__Information shown__
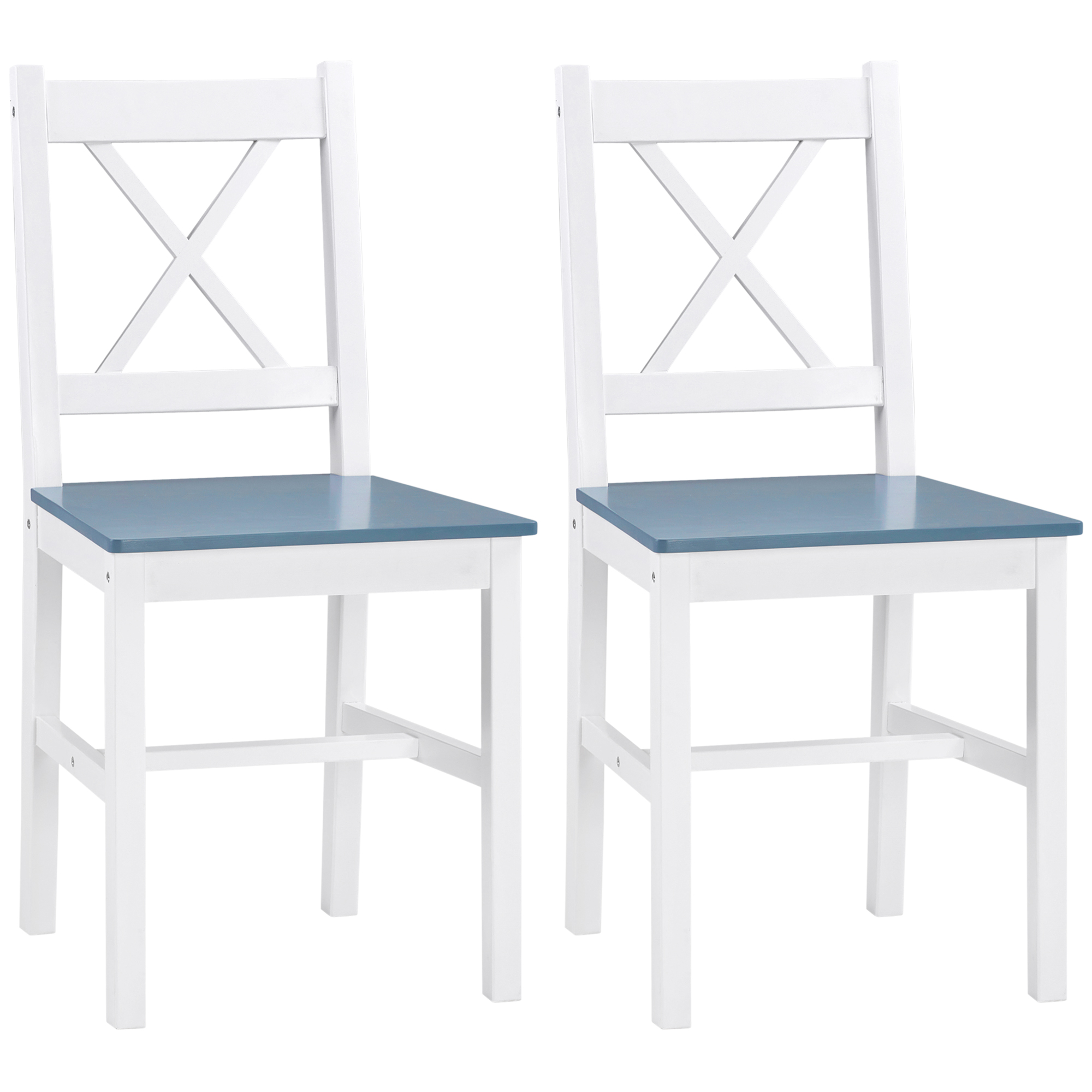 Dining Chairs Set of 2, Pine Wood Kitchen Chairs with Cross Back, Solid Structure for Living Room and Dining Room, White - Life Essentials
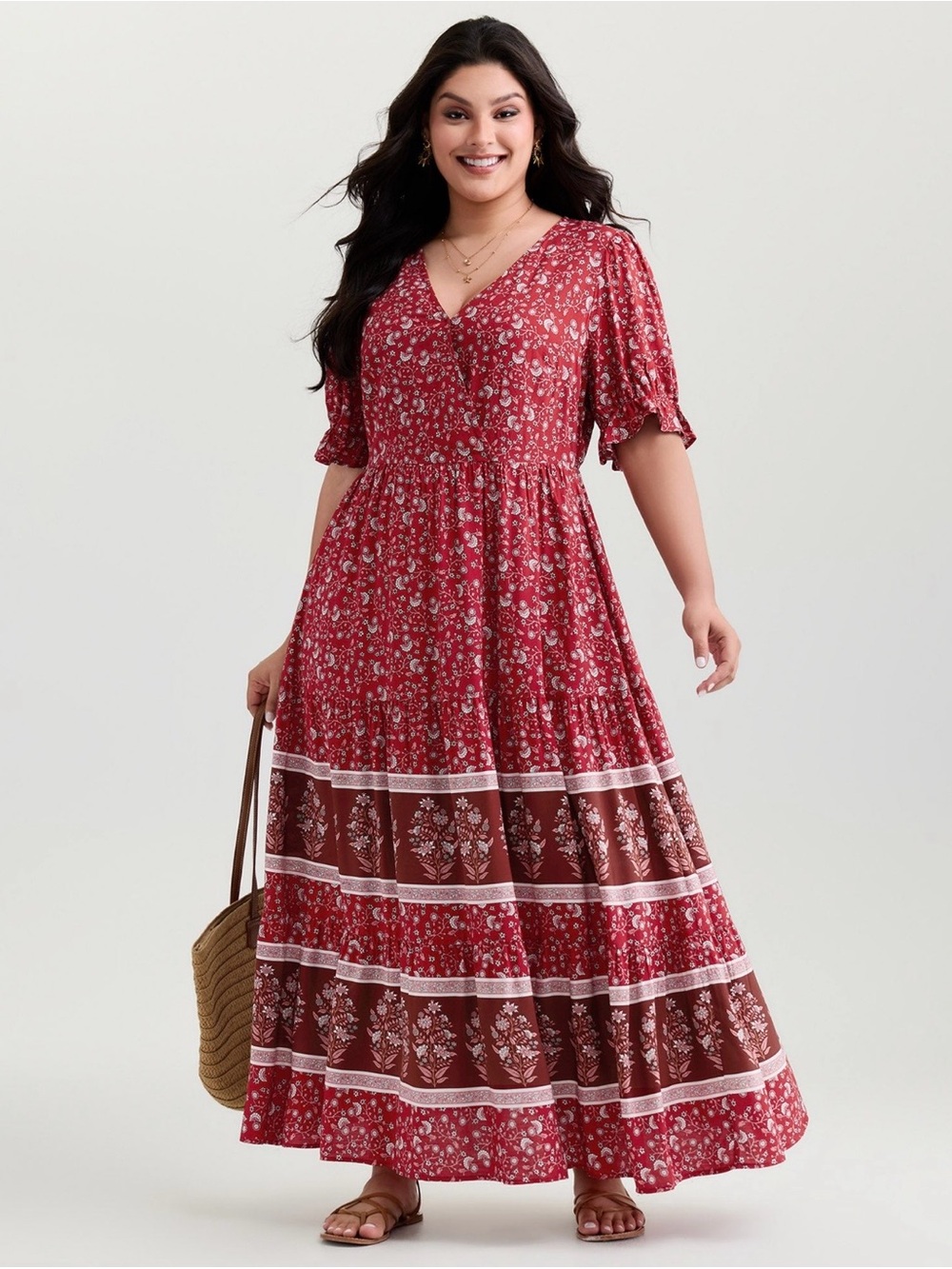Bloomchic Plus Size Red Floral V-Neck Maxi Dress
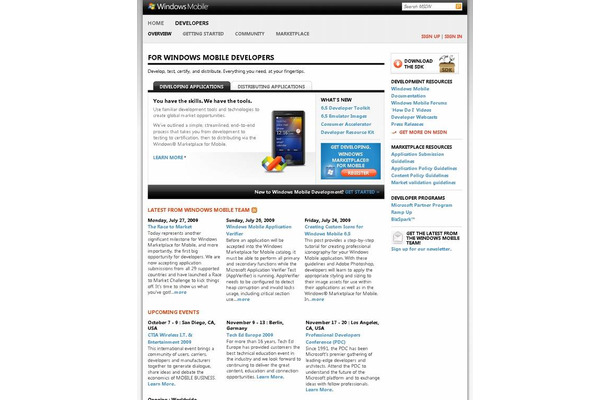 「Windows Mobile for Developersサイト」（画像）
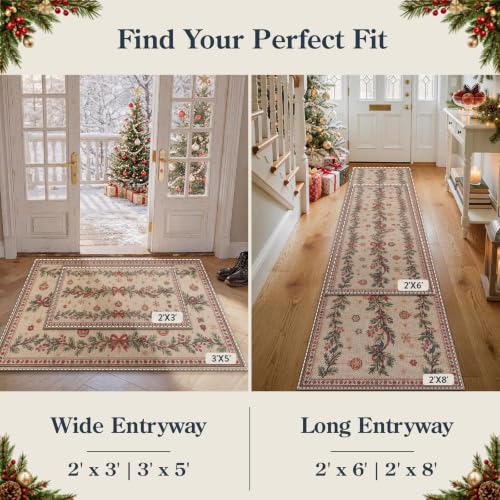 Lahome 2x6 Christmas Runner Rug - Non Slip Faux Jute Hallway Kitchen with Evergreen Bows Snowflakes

__Instructions to follow__
Transcribe exactly, and only, the lines from the one with "Bloomchic Plus Size" through the final line of the data above. The pictures stay out.

__Response below__
Bloomchic Plus Size Red Floral V-Neck Maxi Dress
 「Windows Mobile for Developersサイト」（画像）
 Lahome 2x6 Christmas Runner Rug - Non Slip Faux Jute Hallway Kitchen with Evergreen Bows Snowflakes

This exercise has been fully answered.